* [AIM OF THE TASK] For the listing below, the answer is an exact retyping of the lines from the one with "Somisa crochet, lacquer, variable" through the one with "Foto del edificio - 7336 Lawn Tennis Ln", both included, without pictures.

* [DATA]
____________________
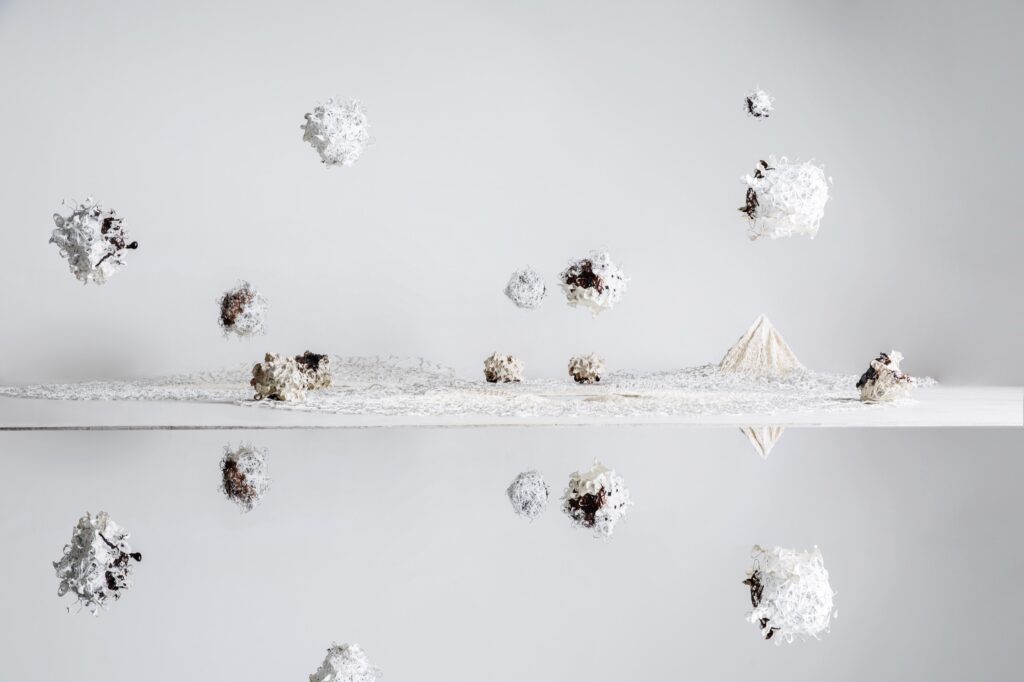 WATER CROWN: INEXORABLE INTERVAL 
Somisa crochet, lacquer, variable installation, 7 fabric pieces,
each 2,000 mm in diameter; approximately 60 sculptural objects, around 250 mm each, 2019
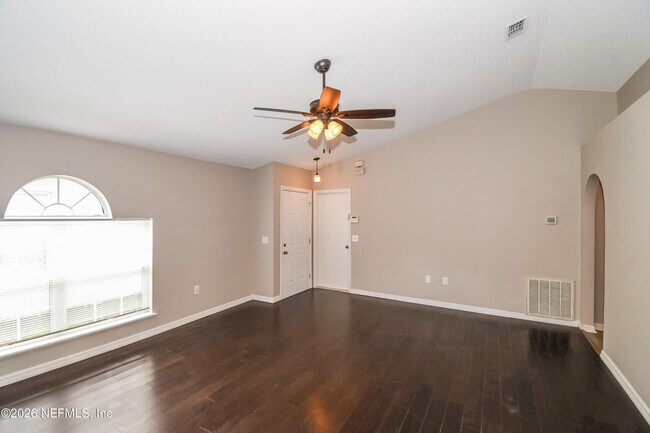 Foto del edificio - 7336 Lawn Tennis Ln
____________________
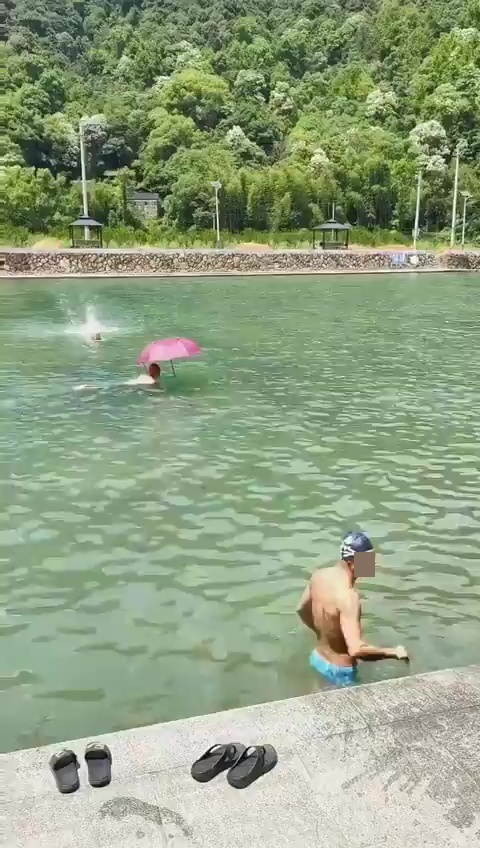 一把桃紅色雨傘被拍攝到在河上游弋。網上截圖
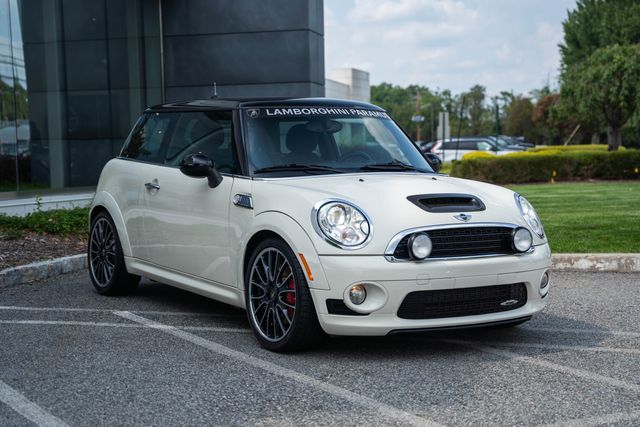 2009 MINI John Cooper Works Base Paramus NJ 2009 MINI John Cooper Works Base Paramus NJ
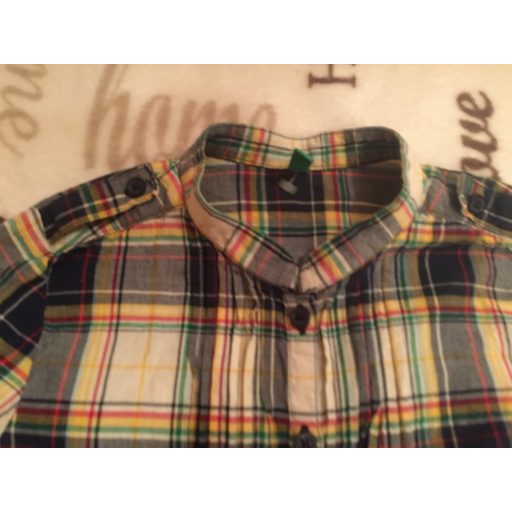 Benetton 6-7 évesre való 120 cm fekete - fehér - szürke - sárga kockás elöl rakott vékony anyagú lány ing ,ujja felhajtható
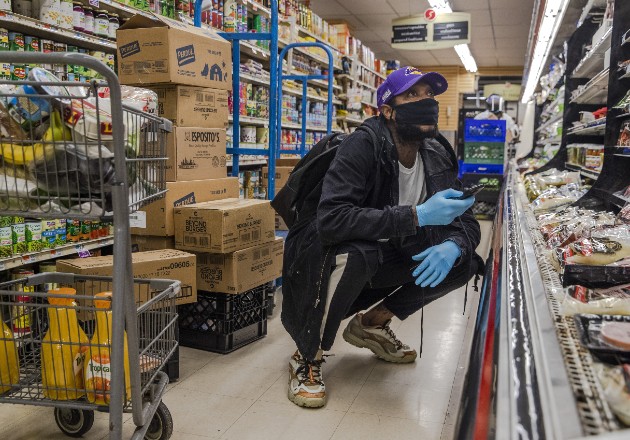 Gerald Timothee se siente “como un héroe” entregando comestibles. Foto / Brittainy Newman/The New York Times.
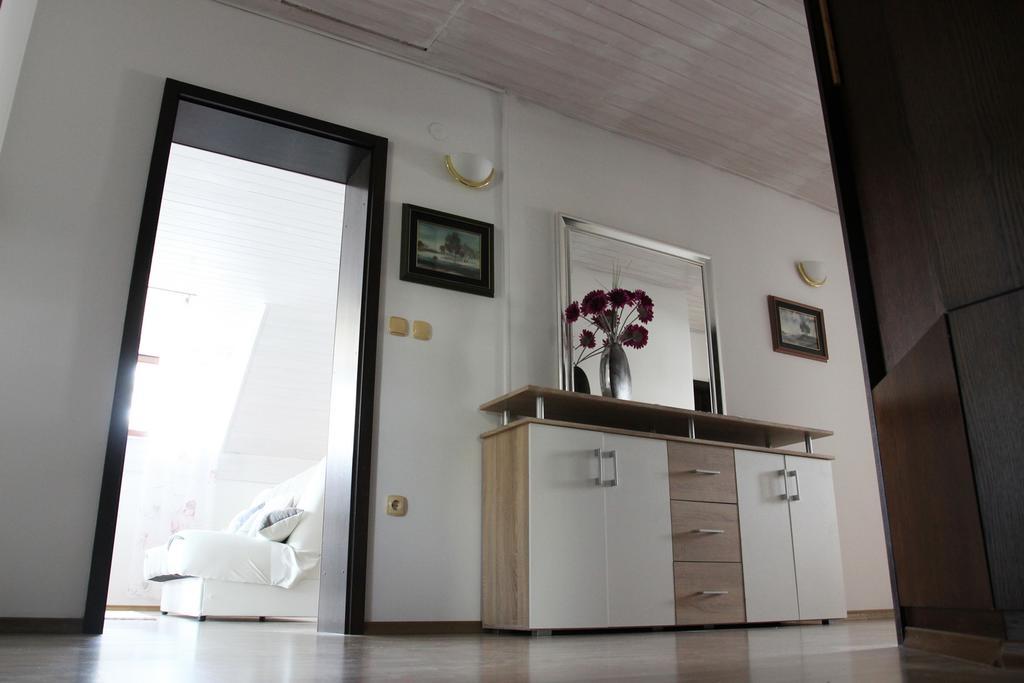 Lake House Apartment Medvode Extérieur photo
____________________
* [TASK SOLUTION]
Somisa crochet, lacquer, variable installation, 7 fabric pieces,
each 2,000 mm in diameter; approximately 60 sculptural objects, around 250 mm each, 2019
 Foto del edificio - 7336 Lawn Tennis Ln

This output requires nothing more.